Believe it or not, Abercrombie and Fitch has its limits.
The young folks fashion store, also known by its initials A&F, has nothing to do with the old Abercrombie and Fitch that used to cater to the outdoorsy set. That company was full of rugged outdoor wear and upscale hunting and camping gear. The current one has only the name in common. Too bad. If there were a less tenuous chain of relation, it'd be pretty cool to be part of a company whose roots went all the way back to the 1890s.
They still claim it of course, but I don't give it any credence. Buying a name isn't like growing up with the name.

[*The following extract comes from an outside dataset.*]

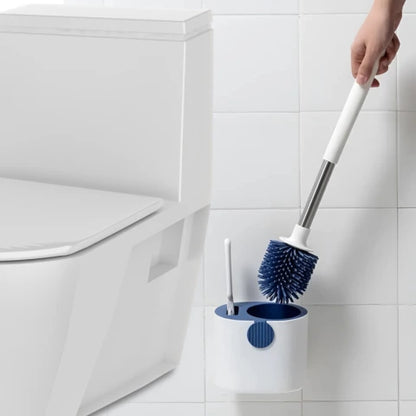 Brosse wc FlexClean blue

A&F has been in the news recently for a few little tidbits that have garnered some notice. For starters, the stock price has been on an upward spiral since January of '09, gaining about 400% in the two-plus years that have elapsed. That must be a heady experience for shareholders in general. They're down a bit over the last month, but who isn't?
A couple of months ago, pundits, moms and probably shareholders took A&F to task for its unveiling (ha ha ha) of their new push-up bikini intended for younger girls. Like, seven-year-old girls.
There's optimism, and there's just plain silly. There's nothing to push up. And why would you want to? Isn't seven a little young to be getting into the whole bigger-is-better routine? I thought we were trying to raise kids with a little less self-consciousness about how they were shaped. They've since stopped calling it a "push-up" anything, but A&F haven't pulled it off the shelves, either. No word on how well it's selling, but I hope it's very poorly. Most of the parents I know would prefer their kids that young, boys and girls alike, just be happy being kids for a while longer.
This last may have stayed in the news cycle a little longer, or come back around, when Vogue recently featured a tarted-up 10-year-old on its cover and in its pages in its most recent issue. At no point does the child look like a fully-vamped adult, either - she looks like a kid with some serious Dress Up skillz once she's gotten access to mommy's closet and warpaint case. One wonders what Vogue is doing, even putting her in the magazine. It's an utterly unrealistic image to portray. Do the adult readers aspire to that appearance? Too late for that ladies - you've got boobs now. Is Vogue hoping to attract younger readers? Well, maybe a few less Virginia Slims ads, Buick ads and they've got themselves some potential. Of course, your average preteen has next to no spending cash, so that may be a bad market to expand into.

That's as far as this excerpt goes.